§ **Work required**
Your response to the data below should hold nothing except the lines from the one containing "Wondershop Animal Adventure" down to the one containing "Canon PowerShot SX740", reproduced exactly and without pictures.
The input Start Marker
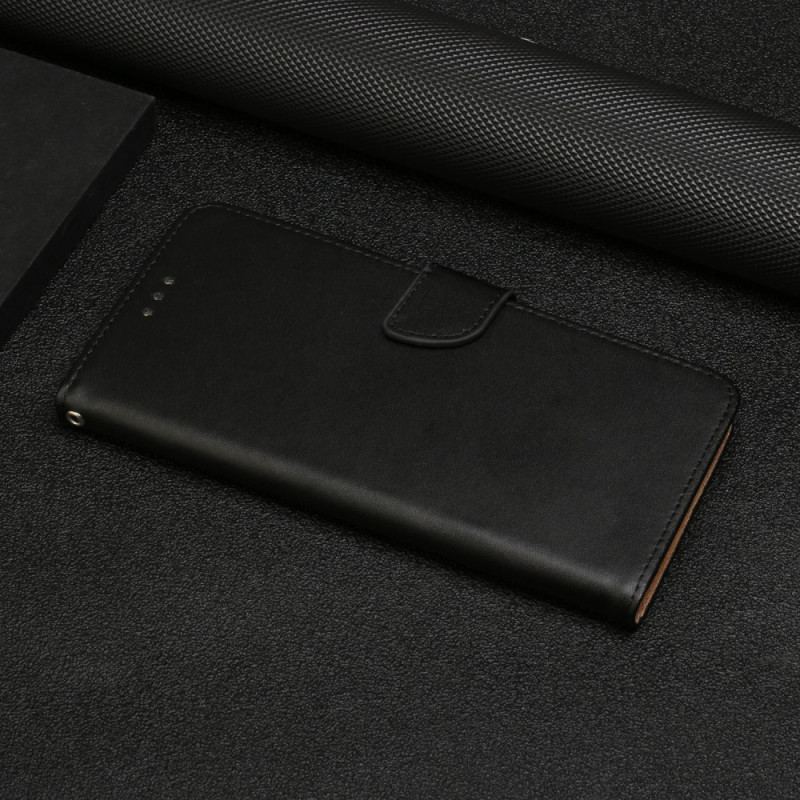 Capa Flip Para Honor 90 Lite Couro Napa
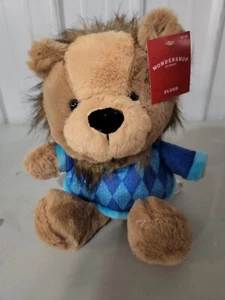 Wondershop Animal Adventure 2021 Peluche León Melena Esponjosa Marrón Bronceado 14" Objetivo NUEVO - Imagen 1 de 3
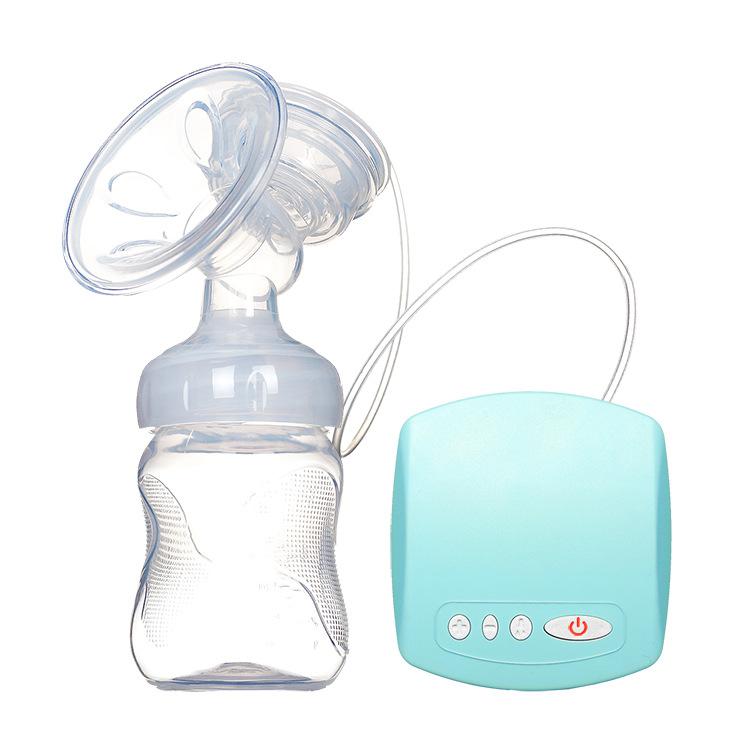 Tiralatte elettrico massaggio automatico tiralatte Postpartum doppio allattamento al seno miscele di latte Maker accessori per bambini: blue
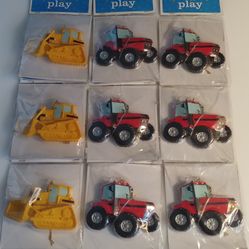 Holidays Living Play Tractor Christmas Ornament - Lot of 9, $2.00 each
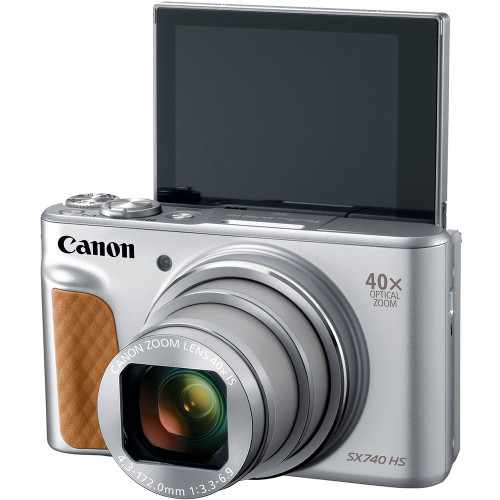 Canon PowerShot SX740 HS Digital Camera (Silver) - Bedford Camera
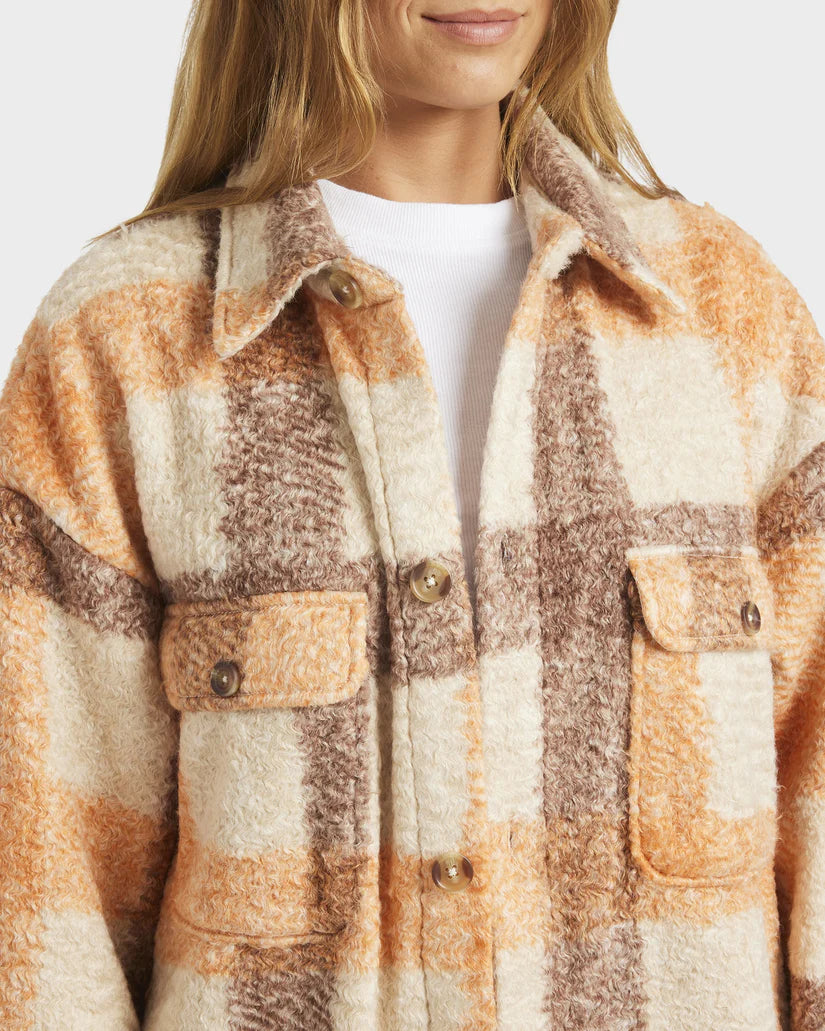 Roxy Over And Out Plaid Shacket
The input End Marker
§ **Output of the task**
 Wondershop Animal Adventure 2021 Peluche León Melena Esponjosa Marrón Bronceado 14" Objetivo NUEVO - Imagen 1 de 3
 Tiralatte elettrico massaggio automatico tiralatte Postpartum doppio allattamento al seno miscele di latte Maker accessori per bambini: blue
 Holidays Living Play Tractor Christmas Ornament - Lot of 9, $2.00 each
 Canon PowerShot SX740 HS Digital Camera (Silver) - Bedford Camera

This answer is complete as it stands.